A Good Catch
|At an unamed bay, somewhere south of Hobart, Tas|
I went fishing on Thursday. I know I should have been finishing my paperwork, but did you know that nearly all Tasmanians are Vitamin D deficient? Every sunny day in winter ought to be a public holiday. Besides, my friend had been begging me for ages to take her fishing. Not sure why. I know as much about fishing as I do about quantum physics, but I did have a small fishing rod lying around and I did like the idea of catching something fresh from the sea, rather than down in the supermarket.
We found ourselves a spot along the lower Derwent where it opens out to the sea. The good thing about fishing here is that you don’t need a licence, though you still need to be aware of catch numbers and sizes. There's a board with that information at the wharf . It was a superb day. Neat fishing boats were tied up at the wharf, gulls wheeled around and occasionally people with dogs wandered by to buy from a fisherman at the far end of the wharf. It looks like an ideal lifestyle, yet the licence fees are high, the fishery is in decline and there are very few fishermen like him left.

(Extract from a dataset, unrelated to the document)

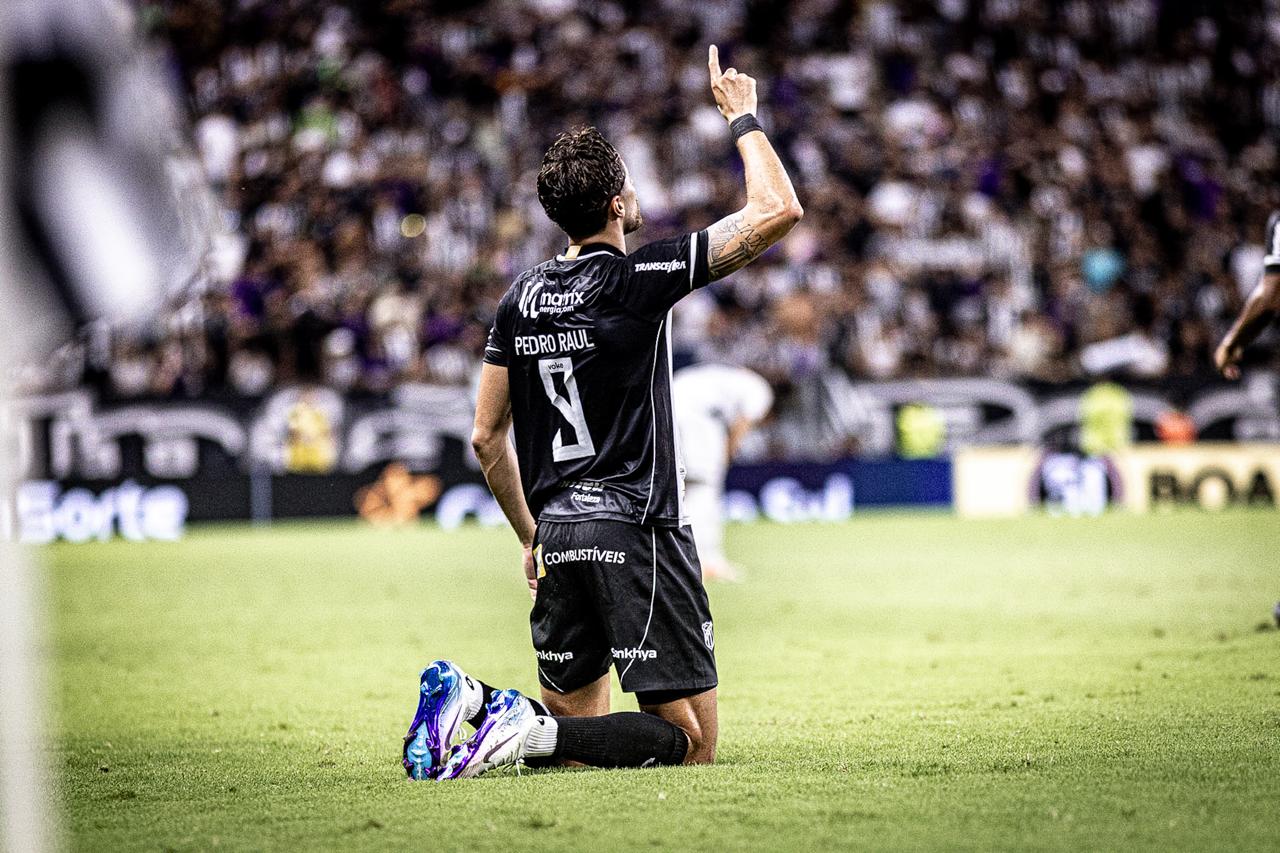 Série A: Pedro Raul brilha e Ceará vence o Vasco por 2x1 no Castelão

|A Pacific Gull stops by looking hopeful|
No fish were harmed in consequence of our fishing. I think of it more as meditation by the water. Small fish nibbled daintily on the chicken I had brought as bait but very carefully avoided the hook. I pricked myself with it at least once, caught the wharf once and then lost hook and sinker to the deep. The fisherman took pity on us and gave us some tuna scraps to try, but it didn't help. By this time four pleasant hours had gone by with not so much as a bite, so we threw in the towel and bought half a kilo of tuna from the fisherman so as not to go home empty handed. Son was very impressed, but not convinced that it was all our own work.